Un aveu inquiétant : zéro dépassement depuis le début de la saison
Dans une interview accordée à Canal+ après la course sprint, Fabio Quartararo dresse un constat sans appel : « C’est encourageant de voir qu’on revenait sur Bezzecchi, mais je crois que je n’ai fait aucun dépassement depuis le début de l’année« . Une déclaration qui résonne comme un véritable signal d’alarme du côté de Yamaha. En effet, dans une discipline comme le MotoGP, où les dépassements sont cruciaux pour espérer un bon résultat, un tel déficit devient rapidement insurmontable.
Cette affirmation, aussi brutale soit-elle, souligne deux problèmes majeurs : une machine en net retrait face à la concurrence actuelle et une confiance du pilote sérieusement entamée. Si Quartararo est réputé pour sa capacité à freiner tard et oser dans les zones de dépassement, ses difficultés récurrentes à concrétiser illustrent la limitation de la M1 dans certains domaines clés comme l’accélération et la vitesse de pointe.
La Yamaha M1, en souffrance face à la concurrence
La Yamaha M1 souffre d’un déficit évident en performance moteur et en dynamique de course, deux éléments cruciaux pour permettre à un pilote de se battre à armes égales. En comparaison, Ducati domine actuellement le plateau avec une moto ultra polyvalente et puissante, capable de performer tant lors des sprints que sur les longues distances. KTM et Aprilia décollent également, investissant massivement en R&D pour combler les écarts. Yamaha, de son côté, semble décrocher techniquement.
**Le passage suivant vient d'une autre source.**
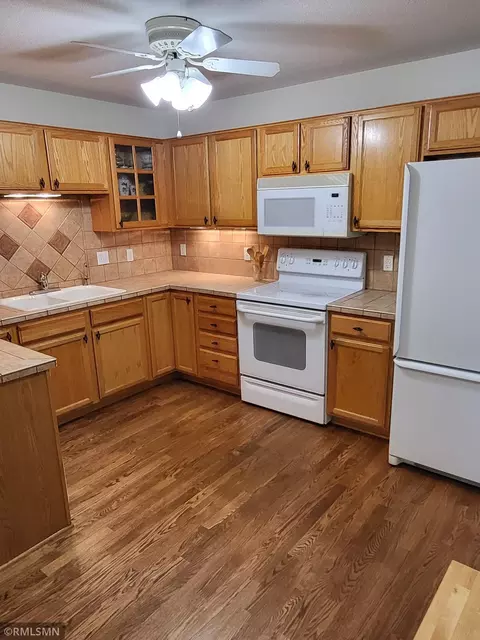 17275 Marshfield Ln SE, Prior Lake, MN 55372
La conséquence directe pour Quartararo : une incapacité chronique à remonter au classement, même lorsqu’il est capable de maintenir un rythme compétitif. Lors de la Sprint à Assen, l’ancien champion du monde 2021 est passé de la pole position à une chute au 10e tour, après avoir été dépassé par Marc Márquez, son frère Alex et Marco Bezzecchi. Un scénario cruel mais symptomatique de son début de saison.
Le mental mis à rude épreuve… jusqu’à quand ?
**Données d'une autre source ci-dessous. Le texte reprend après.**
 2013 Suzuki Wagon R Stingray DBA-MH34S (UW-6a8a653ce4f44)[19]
Quartararo n’a jamais caché son exigence envers lui-même et envers l’équipe. Ce n’est pas un hasard s’il s’est exprimé avec autant de franchise : il veut des résultats. Mais à mesure que les courses défilent et que les déceptions s’accumulent, la pression monte. Rester motivé et performant dans un tel contexte devient un véritable défi psychologique. Et plus encore lorsque l’on constate que l’un des talents les plus purs du plateau est réduit à suivre le rythme sans possibilité d’attaque.
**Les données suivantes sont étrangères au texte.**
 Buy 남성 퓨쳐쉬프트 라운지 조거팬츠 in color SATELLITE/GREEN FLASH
Le contraste est d’autant plus saisissant que l’on se souvient des envolées de Quartararo en 2021, année de son sacre mondial, où il faisait figure de rouleau compresseur. L’exact opposé de la version actuelle, figée derrière des adversaires mieux équipés.
Yamaha peut-elle renverser la tendance ?
Si l’on ne doute pas de la combativité de Quartararo, la question reste en suspens : Yamaha a-t-elle les ressources et la vision technique nécessaires pour inverser la tendance ? Les évolutions apportées jusqu’ici n’ont pas produit les résultats escomptés. L’avenir immédiat semble compromis pour le clan japonais s’il ne parvient pas à combler l’écart technologique qui le sépare des cadors du championnat.
Le paddock attend beaucoup du développement 2025, mais le timing reste incertain et, d’ici là, Fabio Quartararo devra s’armer de patience… ou d’une redoutable résilience sportive afin de ne pas décrocher. Le Grand Prix des Pays-Bas, bien qu’amer, reste l’une des nombreuses étapes d’un long combat pour le retour au sommet.